**HOW TO COMPLETE THIS TASK:** In the records below, repeat exactly the lines between the line holding "X-ray Vision,of the" and the line holding "น้อยใจแม่แล้วนะ แล้วบ่นใส่ไม่พัก ไหนบอกว่าจะพาหนูไปเดินเล่นไง", inclusive, and drop the pictures.

** Opening RAW DATA block **

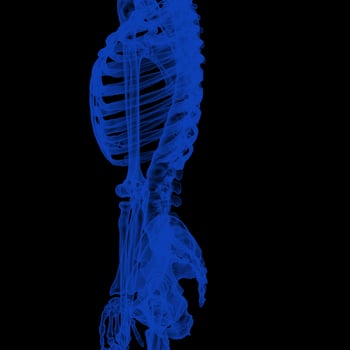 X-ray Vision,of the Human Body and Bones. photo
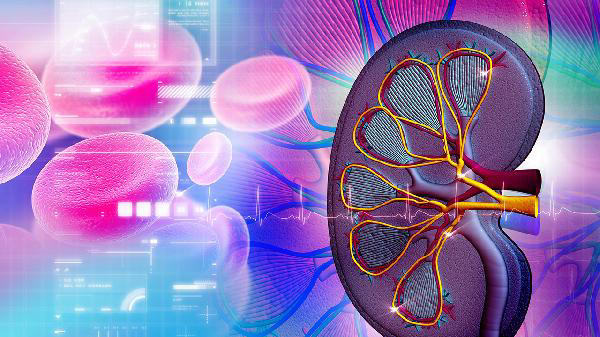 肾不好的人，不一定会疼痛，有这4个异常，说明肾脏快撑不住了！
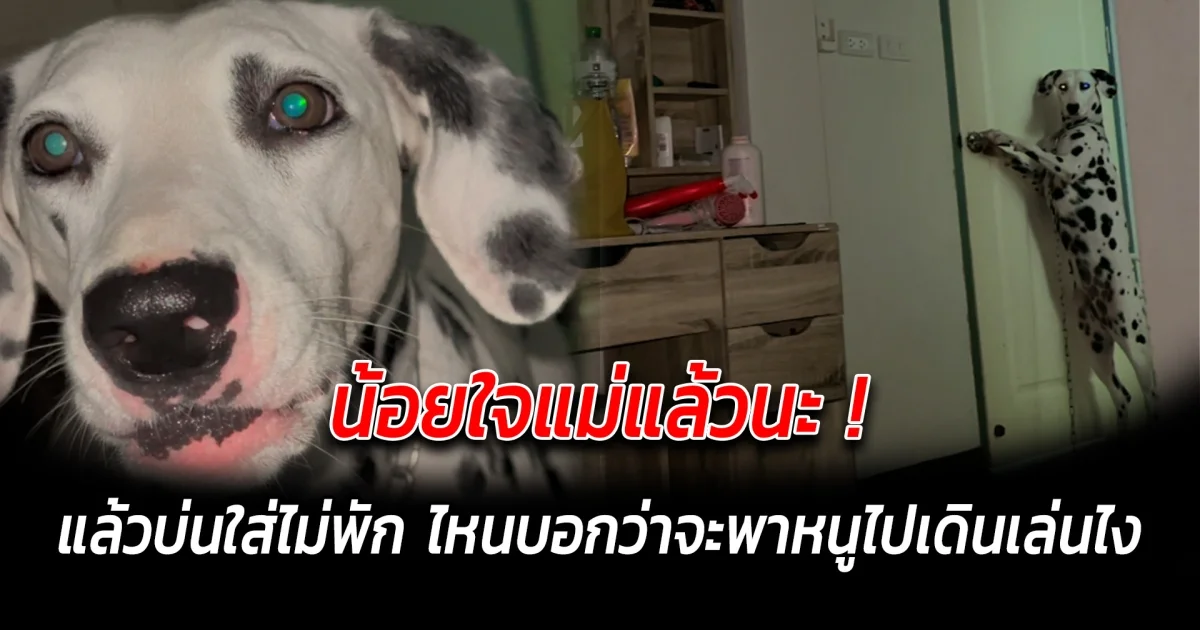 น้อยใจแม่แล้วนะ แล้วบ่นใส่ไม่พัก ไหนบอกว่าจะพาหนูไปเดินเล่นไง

** Closing RAW DATA block **
** Opening RAW DATA block **

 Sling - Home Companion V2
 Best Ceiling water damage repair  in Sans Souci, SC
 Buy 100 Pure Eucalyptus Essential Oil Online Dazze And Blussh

** Closing RAW DATA block **
** Opening RAW DATA block **

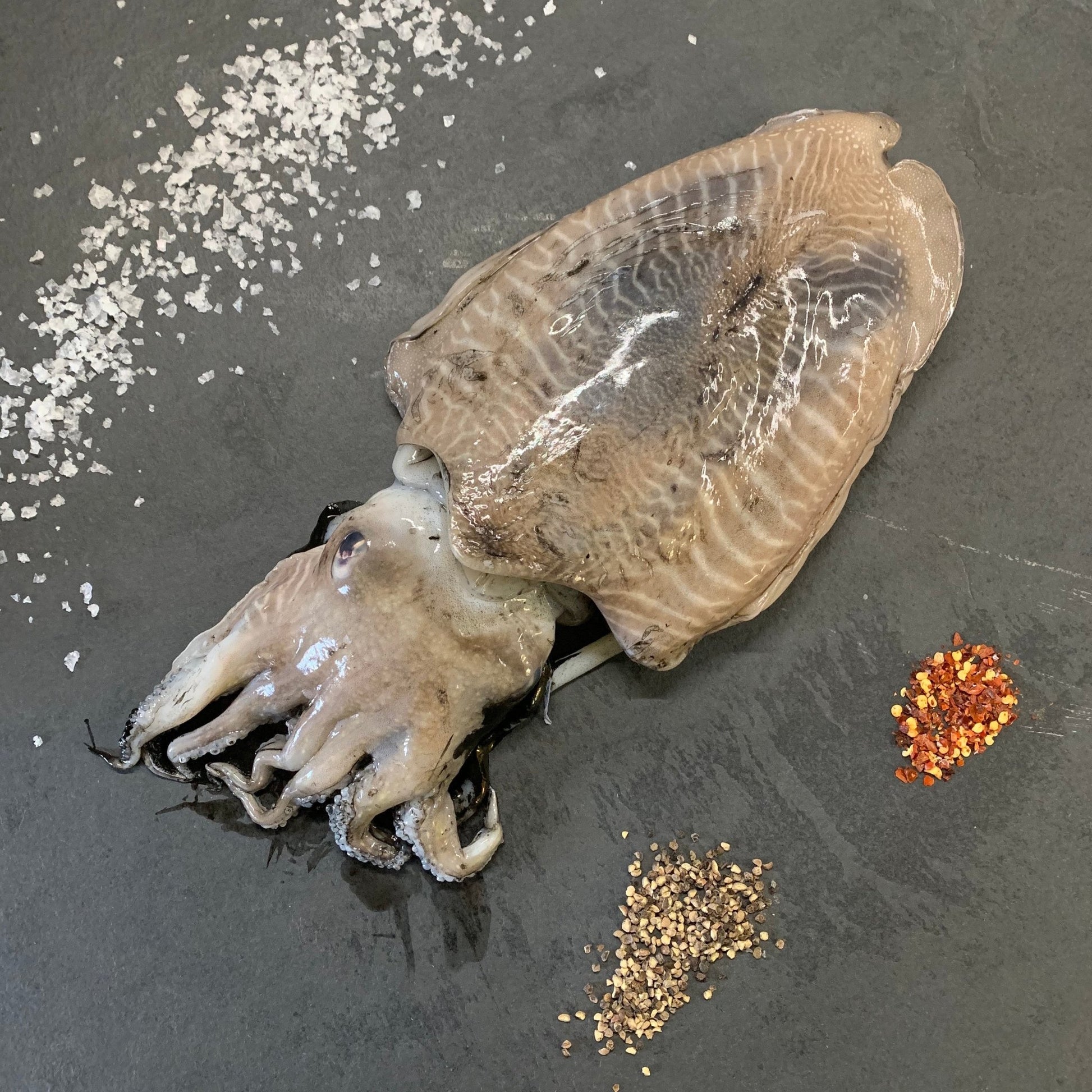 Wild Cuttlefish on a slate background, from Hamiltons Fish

** Closing RAW DATA block **

**RESULT FOR THIS TASK:**
 X-ray Vision,of the Human Body and Bones. photo
 肾不好的人，不一定会疼痛，有这4个异常，说明肾脏快撑不住了！
 น้อยใจแม่แล้วนะ แล้วบ่นใส่ไม่พัก ไหนบอกว่าจะพาหนูไปเดินเล่นไง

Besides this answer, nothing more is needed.